Curated Garden or Curated Wild?

Urban landscape design is often considered static, but needs to be viewed more as the beginning of a long process. Dr Dan Richards advocates the ecosystem services design loop.

by Geraldine Ee Li Leng
Curated Garden or Curated Wild
Image: Cubes magazine, Photo: Ramboll Studio Dreiseitl

In an urban environment where most are accustomed to curated gardens, to what extent can we also curate nature? Moving from "Garden City" to" City in the Garden", Singapore is moving towards "City in Nature".

In an article in the 100th issue of architecture and design magazine, Cubes, experts provided insights into what it takes to reintroduce nature back into the city and why it is necessary to do so. The ecosystem services provided by vegetation and natural habitats – particularly by complex habitats – are recognised as critical for increasing the resilience of urbanscapes to the challenges of climate change.

"The complexity of natural vegetation provides the gold standard, but we can design managed vegetation to come close, through incorporating structural complexity, ” says Dr Dan Richardsprincipal investigator of the Natural Capital Singapore project at the Singapore-ETH Centre. Research in his previous project, Ecosystem Services in Urban Landscapes, has shown that in general, complex and unmanaged vegetation provides higher levels of most ecosystem services than heavily managed vegetation. 

The reserach team has also developed a conceptual framework, known as the ‘Ecosystem Services Design Loop’, which will allow urban designers to assess the ecosystem service impacts of their designs, and then modify their designs for improved outcomes.
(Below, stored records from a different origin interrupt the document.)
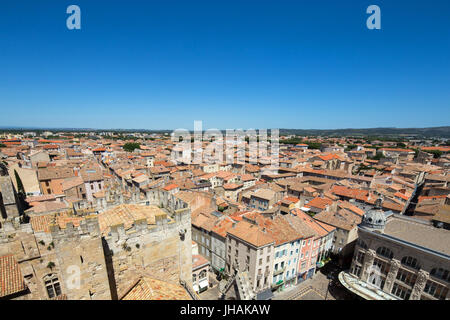 Vista in elevazione dei tetti di narbone città vecchia, Francia. Foto Stock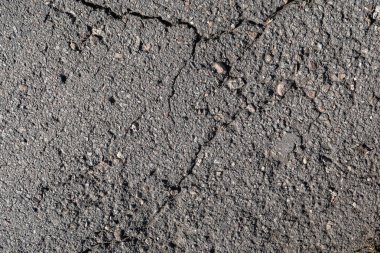 Eski asfalt arka plan ile bir çatlamak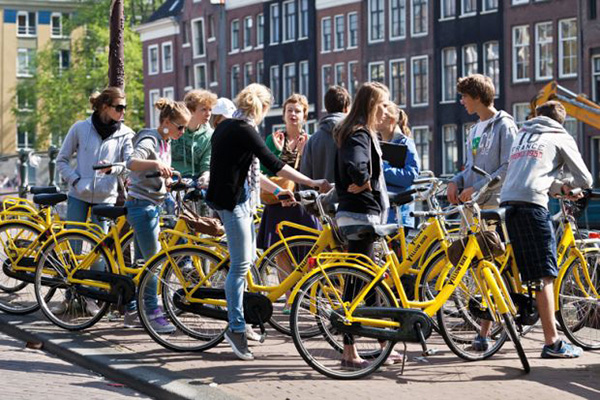 荷兰留学选U还是选H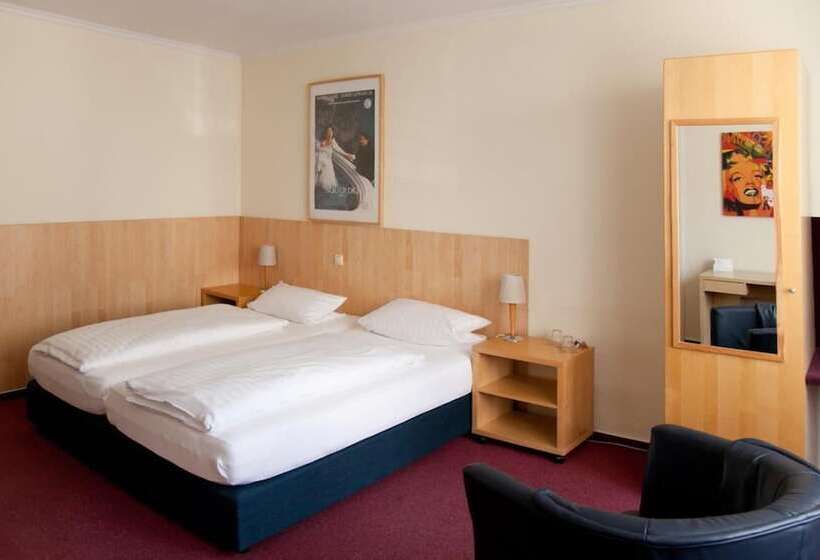 Отель Weidenhof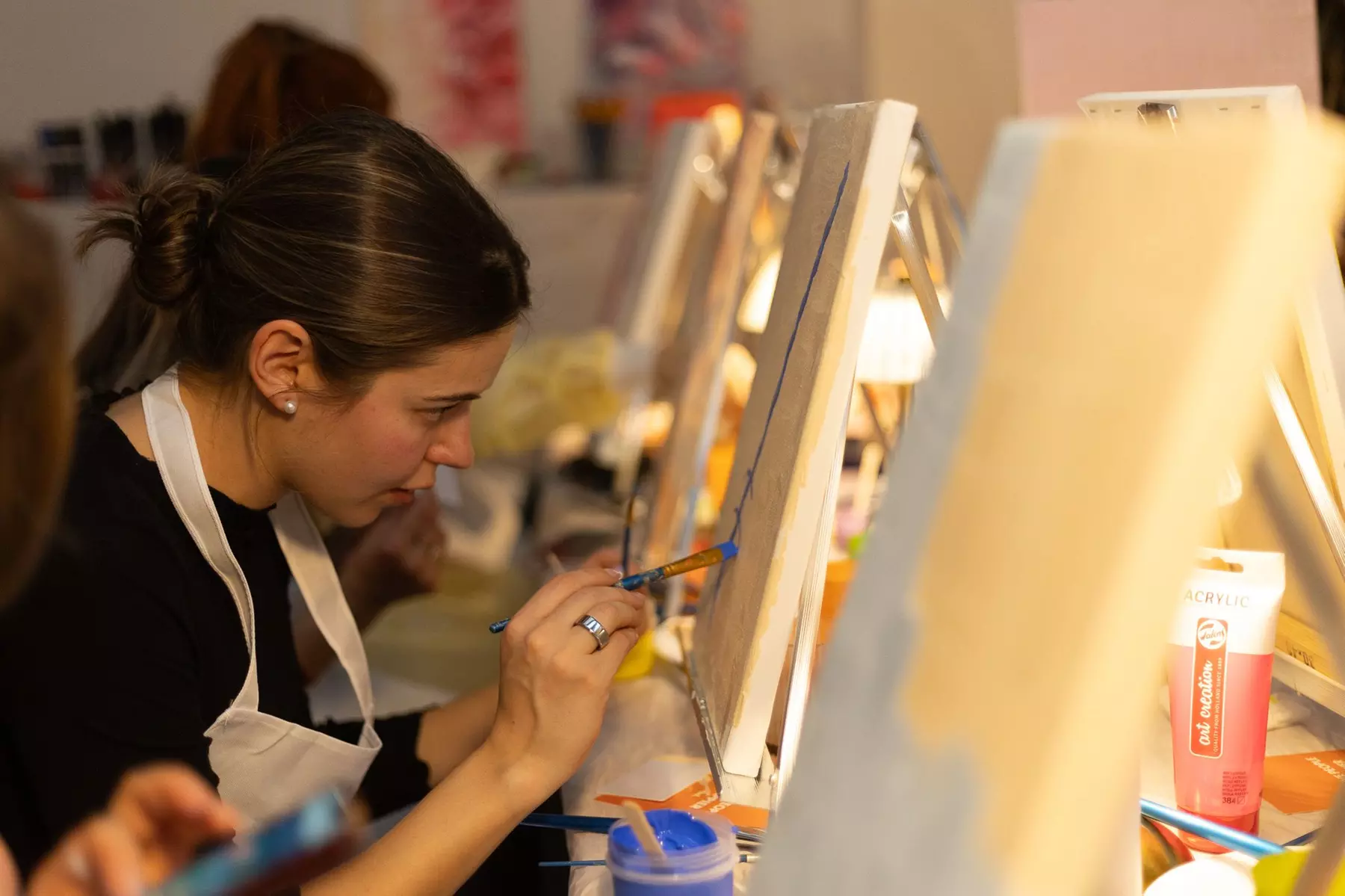 Kreativer Sip & Paint Abstraktes Malen oder 3D Texture Art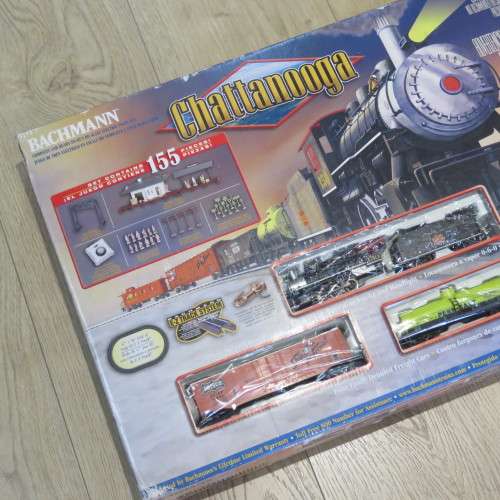 Bachmann Chattanooga HO-Scale train set - Some small pieces missing - Includes extra tracks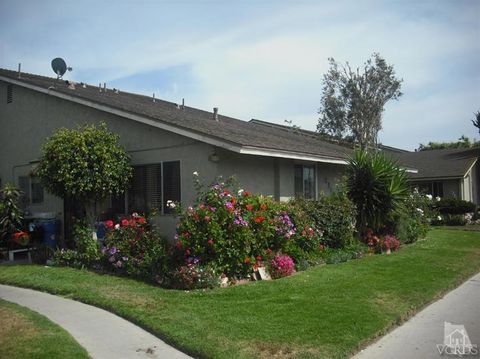 Photo of 2530 B El Dorado Avenue, Oxnard, CA 93033 (MLS # V1-35009)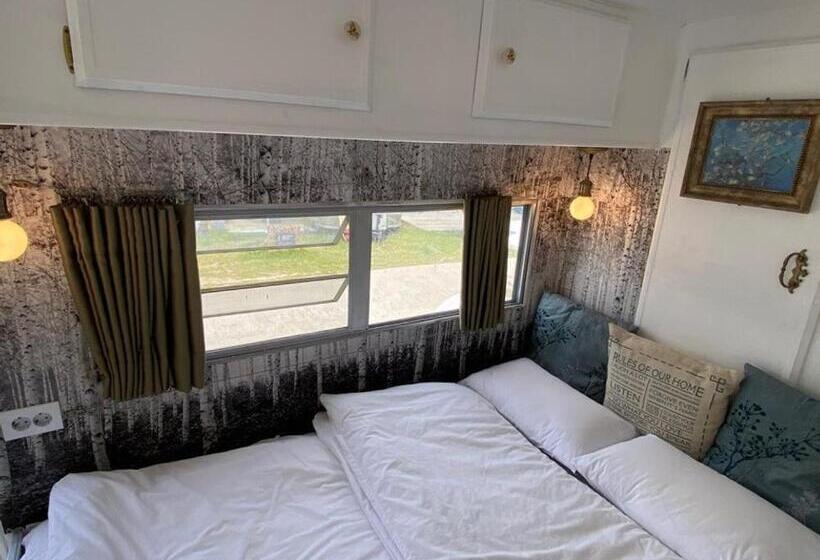 Quarto Triplo Estandar, Out Of Park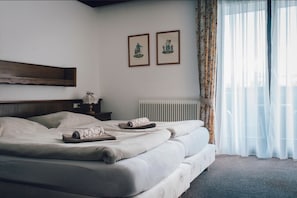 In-room safe, desk, laptop workspace, blackout curtains - Pension Baranek (Kaprun)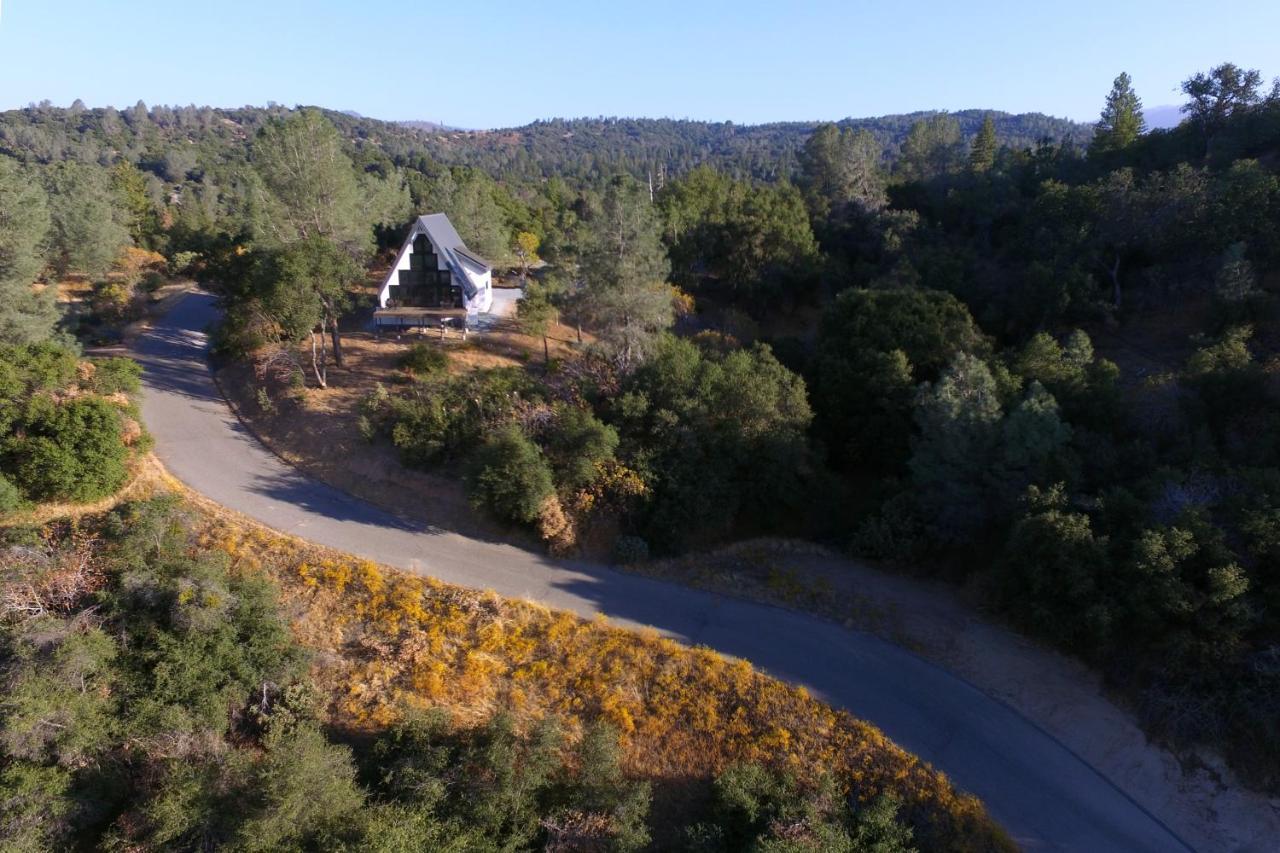 High End A-frame - Hot Tub - Awesome Views - Yosemite - Electric Vehicle Friendly - Sleeps 10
This allows designs to be continuously tested for their environmental performance, using models, data and expert opinion, explains Dr Richards. In future, architects and planners may increasingly be required to justify their designs in terms of the contribution they make to the urban environment, including mitigating the urban heat island effect.

Prof. Thomas Schroepfer, principal investigator of Dense and Green Building Typologies research project at the Future Cities Laboratory, pointed out in his book Dense+Green Cities that "the city is a multi-dimensional ecosystem and “the idea that greenery in the urban environment is an amenity is increasingly seen as both reductive and false.” Rather, he observes, ecologically designed buildings and cities with green and blue networks can produce more liveable and sustainable urban environments.